The easiest way to maintain a first year prairie installation is through occasional mowing. Whenever weed growth reaches one foot in height, the installation should be mown down to 4 to 6 inches. Flail type mowers are particularly effective as the chop up the clippings rather than leaving large wads of cut weeds that can smother the prairie seedlings. Mowing should occur once a month from June through September unless weed pressure is light. The installation may be mown a final time after the growing season has ended in November to provide a neat appearance over the winter.
Second year maintenance will vary according to the type and density of weeds present. If there is a heavy pressure of biennial weeds such as sweet clover and Queen Annes Lace, mowing should occur when these weeds come into bloom in early to mid summer. Patches of Canada thistle should also be mown when they start to bloom in early summer.

If little weed pressure is present during the 2nd growing season, mowing may not be necessary.

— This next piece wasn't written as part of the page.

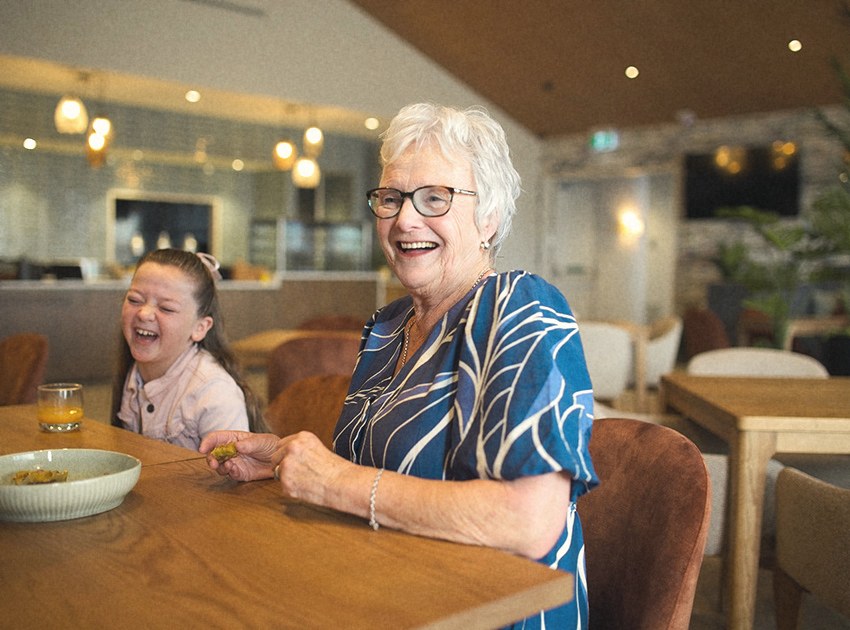 Sterling resident laughing with her granddaughter in the village café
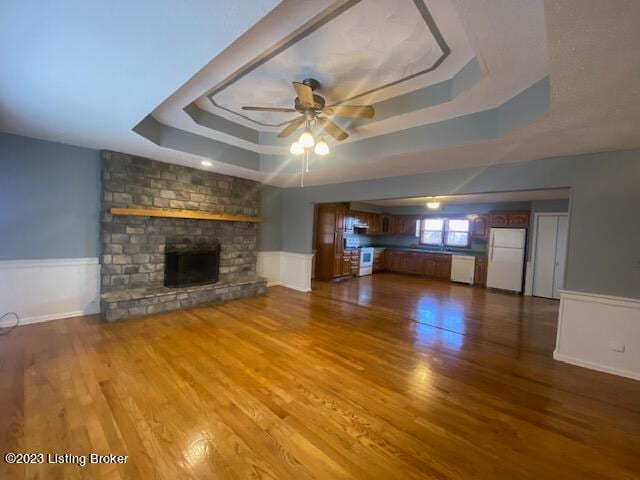 unfurnished living room featuring a raised ceiling, a brick fireplace, hardwood / wood-style floors, and ceiling fan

Biennial Black-eyed Susans bloom the 2nd year, adding color to the planting.

Canada Wild Rye, a native cool season grass will usually mature the 2nd year.

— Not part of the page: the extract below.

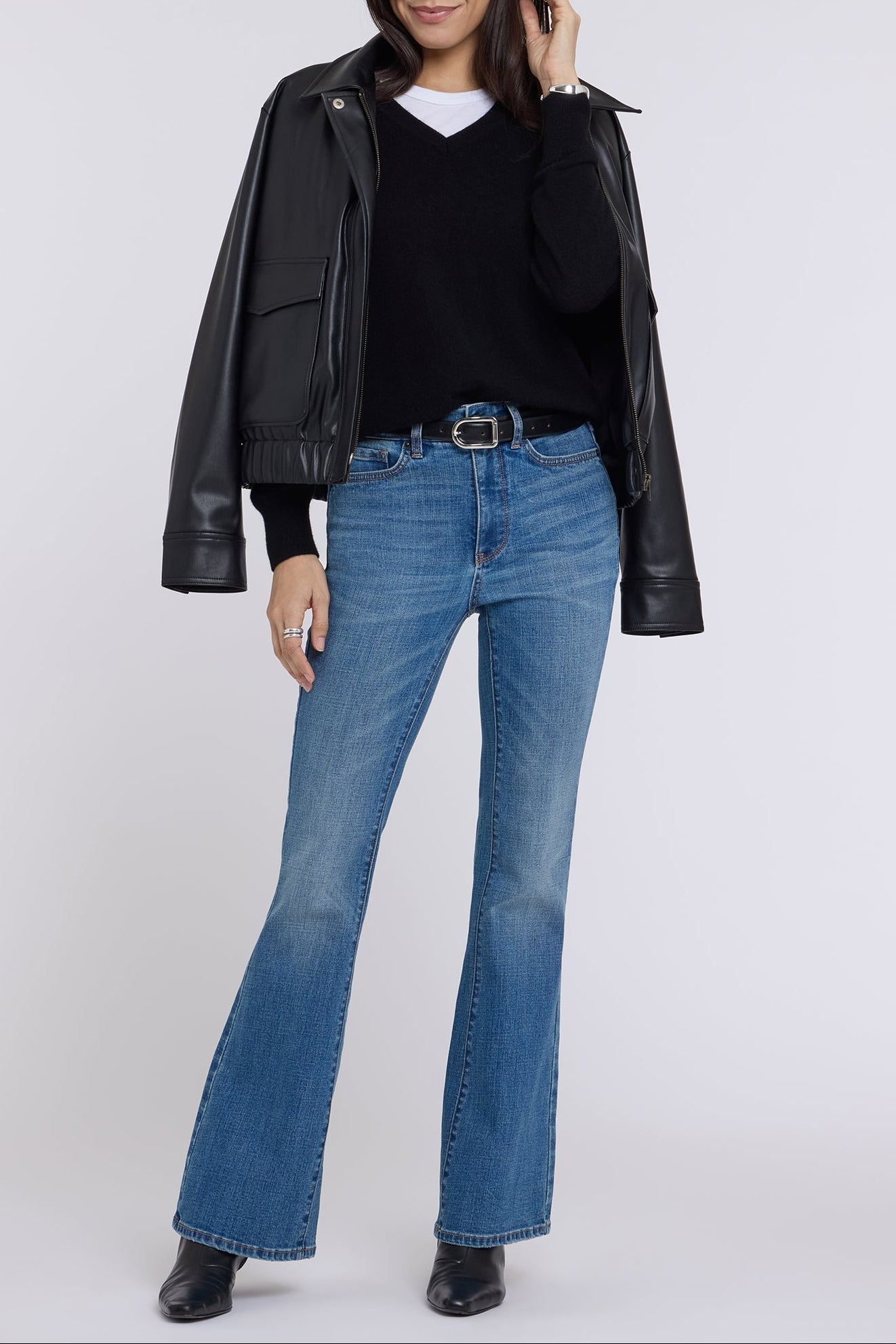 A woman modeling a black faux-leather moto jacket, black sweater, blue flare jeans, and black boots against a light gray studio background.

In any case, the installation should again be mown when the growing season is complete to provide a clean start for the third growing season.

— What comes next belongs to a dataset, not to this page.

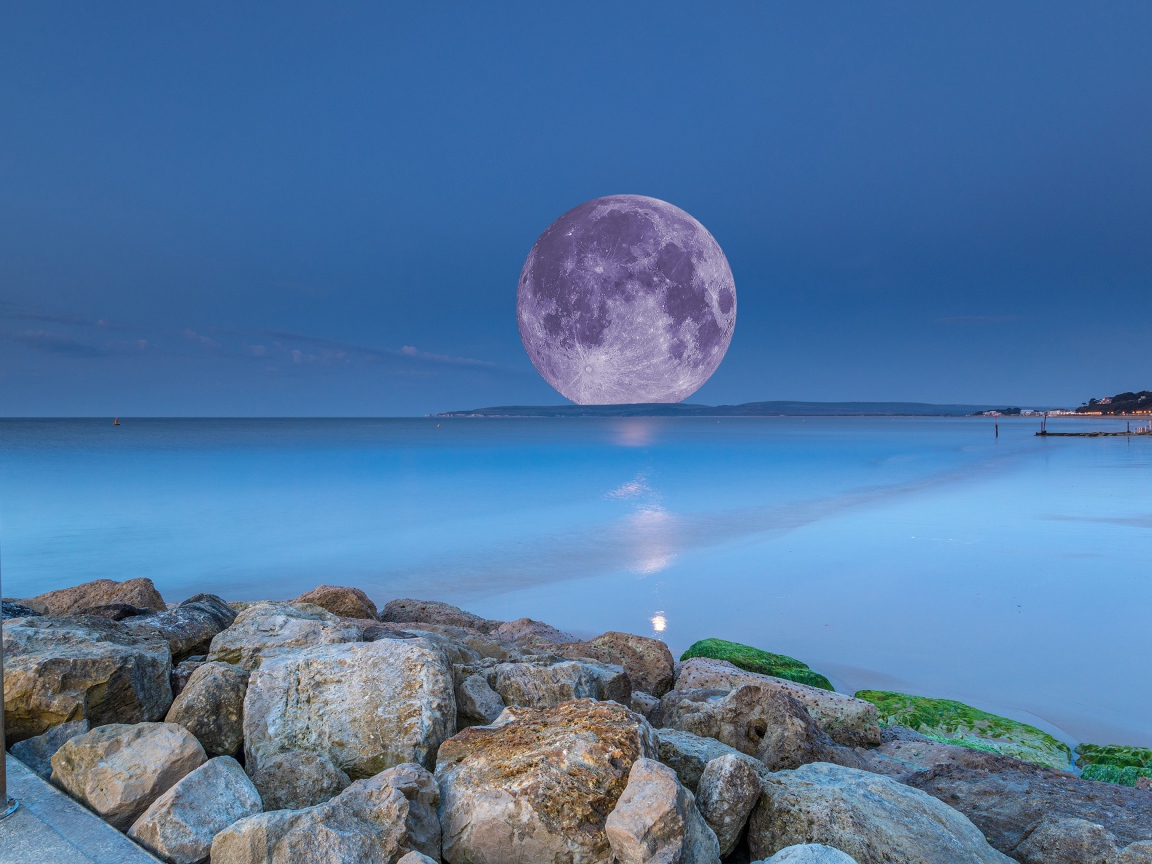 Огромная белая луна на горизонте в море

A prairie installation typically starts to take on a more mature appearance in the 3rd growing season. At this point, only areas of noxious weeds such as Canada Thistle should be mown. Perennial such as Yellow and Purple coneflowers, bergamot, and asters should bloom in the 3rd growing season. Warm season grasses such as big and little bluestem and Indian grass start to mature and flower by the 3rd growing season. If burn maintenance is to be utilized as long term management, there may be enough fuel after the 3rd growing season to begin this maintenance. Otherwise, the installation may be mown in late fall or in March before growth begins.